Then there are wide characters, including some encodings that are
stateful.

Regards,

Giles




Re: [HACKERS] Sigh, LIKE indexing is *still* broken in foreign locales

From
"Matthias Urlichs"
Date:
Hi,

Giles Lean:
> > So, the rule we thought we had for generating index bounds falls flat,
> > and we're back to the same old question: given a proposed prefix string,
> > how can we generate bounds that are certain to be considered <= and >=
> > all strings starting with that prefix?
> 
> To confess ignorance, why does PostgreSQL need to generate such
> bounds?

To find the position in the index where it should start scanning.

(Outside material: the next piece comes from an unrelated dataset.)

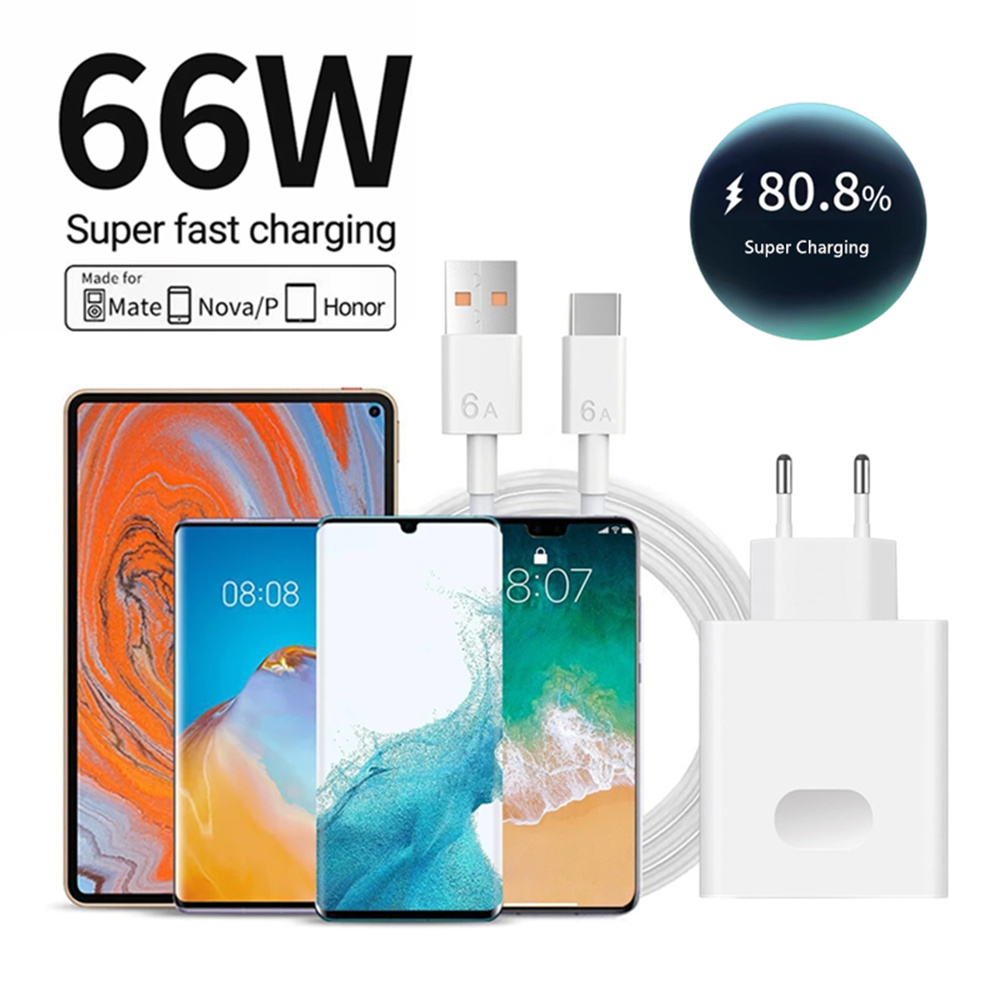 Chargeur Super rapide 66W 6A pour Huawei Mate 40 50 60 P50 P60 Nova 9 10 Honor 90 100 Magic 5 Lite 6 Pro Type C, câble de charge rapide
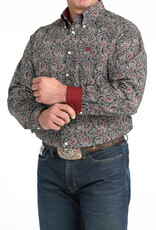 Cinch Mens Classic Cinch Navy Burgundy Paisley Long Sleeve Western Button Shirt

> Then there are wide characters, including some encodings that are
> stateful.

Personally, I am in the "store everything on the server in Unicode"
camp. Let the parser convert everything to Unicode on the way in, 
and vice versa.

There's no sense, IMHO, in burdening the SQL core with multiple
character encoding schemes.

-- 
Matthias Urlichs  |  noris network GmbH   |   smurf@noris.de  |  ICQ: 20193661
The quote was selected randomly. Really.       |        http://smurf.noris.de/
-- 
I loathe that low vice curiosity.                                       -- Lord Byron


Re: [HACKERS] Sigh, LIKE indexing is *still* broken in foreign locales

From
Peter Eisentraut
Date:
Tom Lane writes:

> Evidently the collation rule is that different accent forms sort the
> same unless the strings would otherwise be considered equal, in which
> case an ordering is assigned to them.

Yes, that's fairly common.

> I am now thinking that maybe we should search for a string that compares
> greater than "fooz" when the prefix is "foo" --- that is, append a 'z'
> to the prefix string.  But I wouldn't be surprised if that fails too
> in some locales.

It most definitely will. sv_SE, no_NO, and hr_HR are the early candidates.
And there's also nothing that says that you can only use LIKE on letters,
Latin letters at that.

The only thing you can really do in this direction is to append the very
last character in the complete collation sequence, if there's a way to
find that out. If there isn't, it might be worth hard-coding a few popular
ones.

> I'm also wondering if the left-hand inequality ('foo' <= any string
> beginning with 'foo') might fail in some locales ... we haven't seen
> it reported but who knows ...

I think that's pretty safe. Shorter strings are always "less than" longer
ones.


-- 
Peter Eisentraut                  Sernanders väg 10:115
peter_e@gmx.net                   75262 Uppsala
http://yi.org/peter-e/            Sweden



Re: [HACKERS] Sigh, LIKE indexing is *still* broken in foreign locales

From
Giles Lean
Date:
On Fri, 9 Jun 2000 02:57:56 +0200 (CEST)  Peter Eisentraut wrote:

> I think that's pretty safe. Shorter strings are always "less than" longer
> ones.

Nope: many-to-one collation elements break this too.

Regards,

Giles